W poniedziałek prezydent Andrzej Duda poinformował, że podpisał ustawę dotyczącą powołania komisji ws. badań rosyjskich wpływów w Polsce. Eksperci wskazują na niekonstytucyjność przepisów, a opozycja obawia się, że może zostać użyta jako narzędzie do eliminowania polityków, którzy nie podobają się partii rządzącej.
Sprawę komentował w TVN24 ambasador Mark Brzezinski. – Stany Zjednoczone i rząd USA podzielają obawy związane z ustawami, które mogą pozornie pozwalać na zmniejszanie zdolności osób głosujących, poza jasno określonym procesem w niezawisłym sądzie – mówił.
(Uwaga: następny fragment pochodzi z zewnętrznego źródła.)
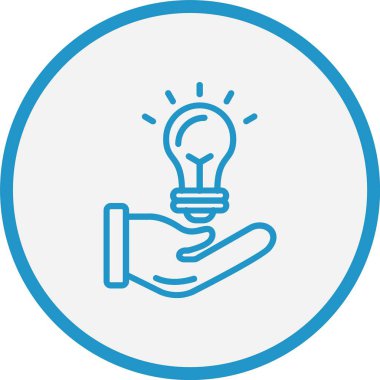 Çözüm Çizgisi Mavi Çember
Politycy PiS o „skandalu” i „przekroczeniu uprawnień”
Słowa te rozzłościły polityków Prawa i Sprawiedliwości. „Ambasador USA w prywatnej telewizji, skrajnie zaangażowanej politycznie przeciw polskiemu rządowi, otwarcie krytykuje polski rząd. To niebywały skandal dyplomatyczny” – napisał były szef MSZ, a obecnie europoseł Witold Waszczykowski.
– Ambasador USA Mark Brzezinski przekroczył swoje kompetencje, mówiąc o wpływaniu na wybory w kontekście komisji weryfikacyjnej – powiedział w radiu RMF24 Kazimierz Smoliński, jeden z wnioskodawców projektu ustawy.
„Mam nieodparte wrażenie, że panu ambasadorowi Brzezińskiemu pomyliły się role i miejsce, w którym pełni swoją misję. Mam na myśli komentarze, które jako dyplomata publicznie wygłasza, a które dot. ustawy o badaniu wpływów rosyjskich w Polsce, czyli wewnętrznych spraw naszego kraju” – napisał poseł PiS Jan Mosiński.
Departament Stanu reaguje na „lex Tusk”
O „lex Tusk” piszą media niemal całego świata. Liczne instytucje międzynarodowe wydały oświadczenia w tej sprawie, m.in. Departament Stanu USA.
„Rząd USA jest zaniepokojony przyjęciem przez polski rząd nowej legislacji, która może zostać nadużyta do ingerencji w wolne i uczciwe wybory w Polsce. Podzielamy obawy wyrażane przez wielu obserwatorów, że to prawo tworzące komisję badającą rosyjskie wpływy, może być wykorzystane do blokowania kandydatur polityków opozycji bez należytego procesu prawnego” – napisał w oświadczeniu rzecznik amerykańskiego resortu dyplomacji.
Sprawą zamierza zająć się także Bruksela. „Komisja Europejska odnotowała, że prezydent Andrzej Duda podpisał ustawę o powołaniu komisji ds. badania wpływów rosyjskich i będzie ją analizować” – wskazała rzeczniczka KE Sonya Gospodinova cytowana przez RMF FM.